FOB: Why are so many community college students in developmental math
courses? What's the issue?
LINDA: I find that most students have an issue with transition. Many
students coming into developmental math have poor study skills and poor study
habits. For example, with attendance: they don't come to every class. They don't
ask questions. They need to know that they can interact with their instructors;
they also need to make use of the services the college has to offer.
MYRNA: This is especially true with the transition from adult programs,
where the structure has been one of open entry and self paced instruction.
Students could proceed when it was convenient for them. The structure of most
community colleges does not allow that freedom.
PAM: In Maine, ABE is separate from the community college and
developmental system. We [the ABE system] play a big role; this is where
students learn how to be students and how to be not fearful to ask a question. I
think the biggest gatekeeper to math transitions is phobia. When I have a
student, not only do I teach them algebra but to be in touch with their phobias,
and how to deal with them.
MYRNA: A general point of view is that GED grads don't quite measure up
with high school graduates.
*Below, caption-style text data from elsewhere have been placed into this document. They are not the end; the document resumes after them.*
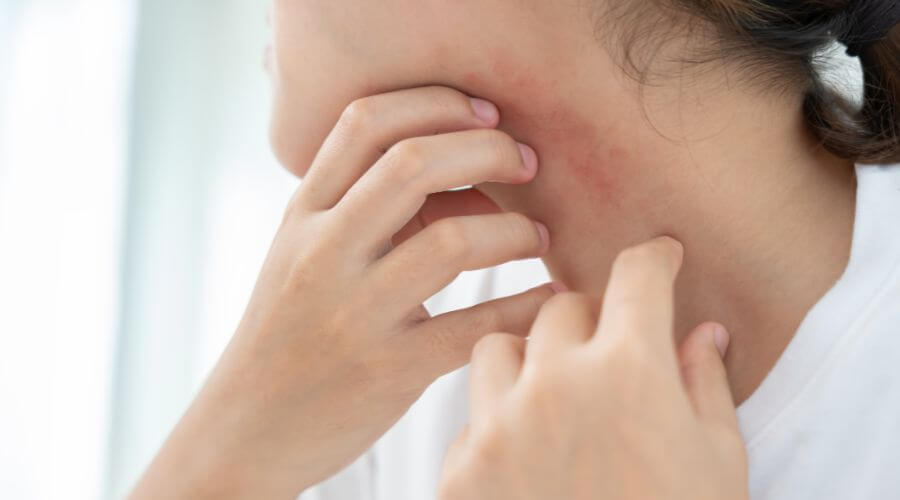 Meine Haut juckt ständig – welche Pflege hilft mir?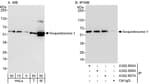 Detection of human and mouse Sequestosome-1 by western blot (h&amp;m) and immunoprecipitation (h).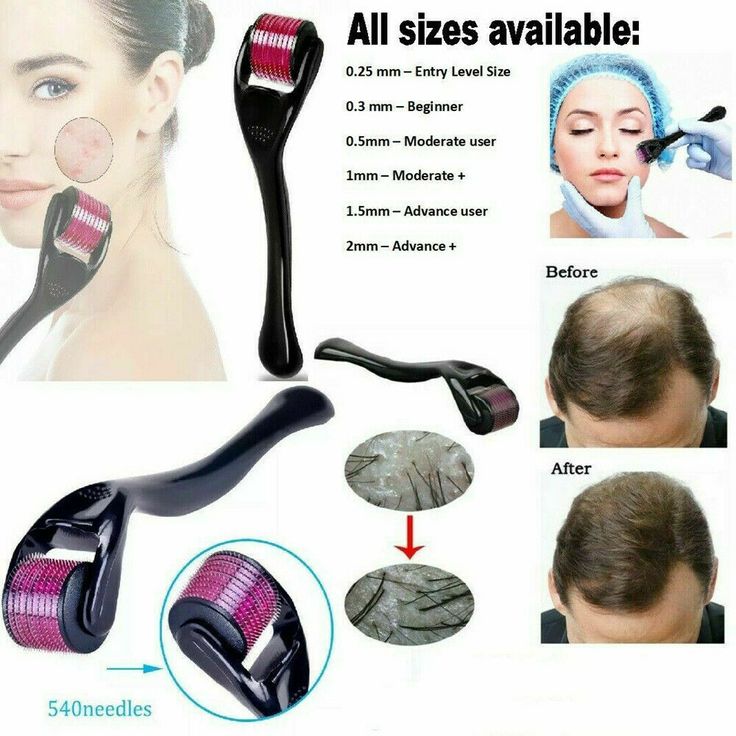 Derma Roller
I'm not aware of any evidence that shows that. When
I was teaching in community college, the high school graduates had just as poor
study habits as people who were coming in from adult ed.
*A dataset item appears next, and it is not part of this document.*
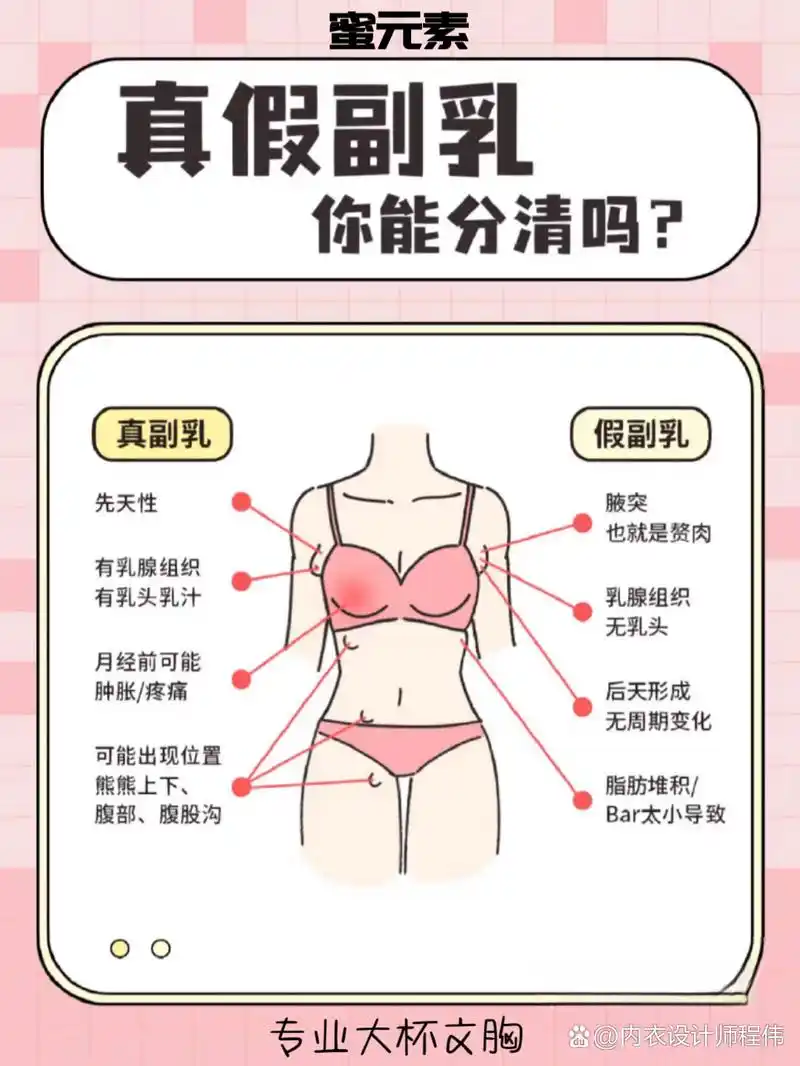 一篇教你分辨(内含消除法) 如何分辨真假副乳 【真副乳】 1.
MARY JANE: You seem to be in agreement that most students have an issue
with transition. We don't have evidence that the GED grad and the high school
grad are different in that.
LINDA: Without any hard statistics in front of me, I can't say. But I
work with incoming [community college] students on assessment and placement. I
sometimes know, when I'm talking with students, whether they are GED or high
school graduates, and I don't find a difference between them. GED [holders]
might even have been better prepared for college in their arithmetic skills.
MYRNA: That's really no surprise, because the GED is normed so that four
out of every 10 high school students won't pass it.
FOB: I still have trouble understanding why people can complete the GED or
high school and still need developmental math before they're ready for college
level math.
PAM: The GED isn't enough, you need at least an algebra course. We
suggest that students take an algebra course with us [at the ABE program] before
they take a college math course.
LYNDA: ABE teachers often don't have the math content credentials to be able
to teach the level of math that is needed for college credit courses. As soon as
you try to teach a good solid algebra course, you need math credentials. ABE is
a population laden with great people in language and literacy but the math
content people are few and far between.
And learners who are preparing for the GED want to do it quickly. So most times,
even if a teacher is comfortable teaching math, she won't teach the whole
algebra sequence, because the students are in a hurry to pass the GED.
PAM: We teach the whole [algebra] sequence, in two parts, over the course
of a year. It's applied [algebra].
MYRNA: In typical algebra classes in community colleges, an entire year
of high school algebra is condensed into one semester. We had to design a
prealgebra class to make the transition to abstract thinking easier.
LINDA: Why is it that the teachers hired for GED programs aren't prepared
to teach algebra?
PAM: The pay in adult ed isn't enough to attract them.
MARY JANE: Maybe in ABE we should start an "Algebra for all movement,"
similar to the one in K12, but "all" would mean teachers and administrators as
well as students. All adults should be up to snuff in algebra.
MYRNA: That's what a survey found of adult ed teachers in Pennsylvania
found. They wanted staff development to be algebra, algebra, algebra.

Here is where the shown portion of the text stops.